Terminate replication connections that are inactive for longer than this amount of time.
At a glance
| Property | Value |
|---|---|
| Parameter | wal_sender_timeout |
| Category | Replication |
| Default | 60 |
| Value type | integer |
| Change scope | Per-session (SET) |
| Available in | PostgreSQL 12, 13, 14, 15, 16, 17, 18, 19 (added in 12) |
What it does
Terminate replication connections that are inactive for longer than this amount of time. This is useful for the sending server to detect a standby crash or network outage. If this value is specified without units, it is taken as milliseconds. The default value is 60 seconds. A value of zero disables the timeout mechanism.

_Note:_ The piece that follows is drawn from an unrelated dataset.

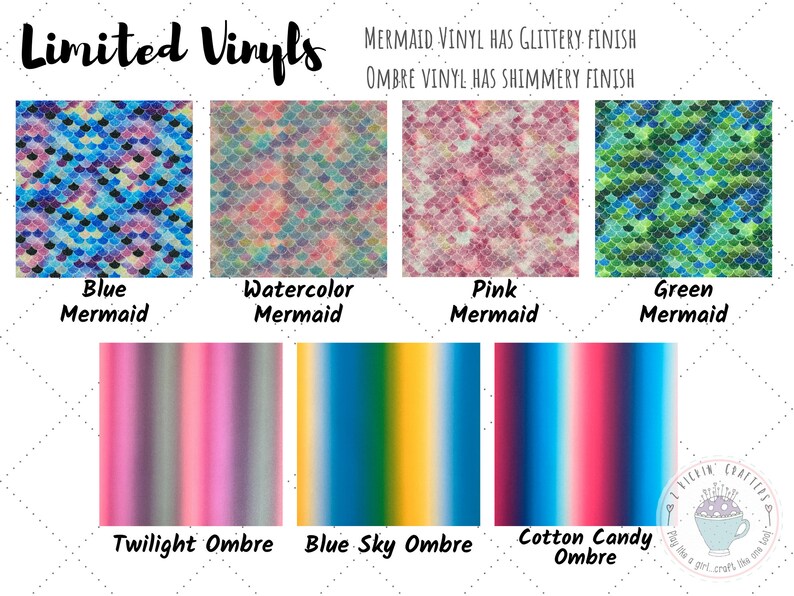 Puede incluir: Una colecci&oacute;n de l&aacute;minas de vinilo de edici&oacute;n limitada con escamas de sirena en patrones azules, rosas, verdes y acuarela. La fila inferior presenta dise&ntilde;os degradados en tonos crep&uacute;sculo, cielo azul y algod&oacute;n de az&uacute;car.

With a cluster distributed across multiple geographic locations, using different values per location brings more flexibility in the cluster management. A smaller value is useful for faster failure detection with a standby having a low-latency network connection, and a larger value helps in judging better the health of a standby if located on a remote location, with a high-latency network connection.
(Description quoted from the official PostgreSQL documentation.)
How to apply a change
Can be set per session with SET, per role/database with ALTER ROLE/DATABASE ... SET, or globally in postgresql.conf.
Inspect the current value and source with SHOW wal_sender_timeout; or SELECT name, setting, unit, context, source FROM pg_settings WHERE name = 'wal_sender_timeout';.
Tuning guidance
Lower it to detect dead replicas faster (quicker failover decisions); raise it on high-latency/WAN links so healthy senders are not killed. Keep it consistent with the receiver-side timeout.